Decision to use
marijuana should be
up to your doctor
Bills would protect patients nowBy Pam Lichty
using drug for medical purposes
Sandra Lacar's View point column (Star-Bulletin, Jan. 30) asserting that the possible legalization of marijuana for medicinal purposes will have "serious future ramifications for the people of Hawaii" greatly exaggerates the issue.
The four bills under consideration have one purpose in common: to protect patients currently using medical marijuana from arrest under state law.
These bills do not, and cannot, address federal laws, but the vast majority of marijuana arrests occur under state or county authority.
While most observers agree that it would be preferable to wait for the FDA to complete an approval process for marijuana, drug war politics prevents them from doing so.
Despite the fact that a DEA administrative judge in 1988 found that "marijuana is one of the safest therapeutic substances known to man"; despite the fact that eight patients in the United States receive government-supplied marijuana in smokable form (in a program that was closed to new applicants in 1992); and despite the fact that the feds have acknowledged the benefits of one of marijuana's active ingredients by approving a THC pill, it is generally acknowledged that federal approval of medical marijuana is unlikely in the near future.
The main barrier to marijuana's medical use, as well as to research, is its arbitrary designation as a "Schedule I " category drug, which does not permit prescription for any reason.

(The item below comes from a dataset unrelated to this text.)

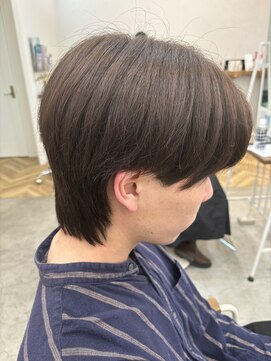 ロミー 本厚木(ROMMY.) 【刈らないメンズヘア】センターパート/微ウルフ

In May 1998, the California Medical Association in a policy shift announced, "due to the lack of scientific justification for Schedule I classification of marijuana and the consequent virtual standstill in research on its medical benefits...we support efforts to reschedule marijuana."
Voters in six states have overwhelmingly approved initiatives removing state penalties for medical use. In fact, everywhere the issue has been put to a vote, it has been approved.
In Hawaii, however, we must rely on the legislative process.
Lacar's assertion that marijuana use by the general public and kids will greatly increase is pure speculation. A National Institute on Drug Abuse survey carried out in California two years after the passage of Proposition 215 found that usage among teens age 12-17 was 6.6 percent compared to 9.9 percent nationwide.
Young people understand that medicine for sick people is a different issue than recreational use.
As for Lacar's statement that marijuana is not "a benign substance," surely she doesn't believe that it is more potent or harmful than cocaine, morphine and even amphetamines, all of which can be prescribed by your family doctor.
Absolute safety is not the issue, rather it's a weighing of risks and benefits for a specific patient. Your physician is the one who should make that decision -- not the government.
Pamela Lichty is vice president of the Drug Policy Forum of Hawaii.
What: House and Senate health committee hearings on bills concerning medical use of marijuana.
HouseWhen: 8:30 a.m. Tuesday
Where: Room 329, State Capitol building
What: Hearings on House bills 1341 and 1157.
SenateWhen: 2 p.m. Wednesday
Where: Room 229, State Capitol building
What: Hearings on Senate bills 862 and 1038.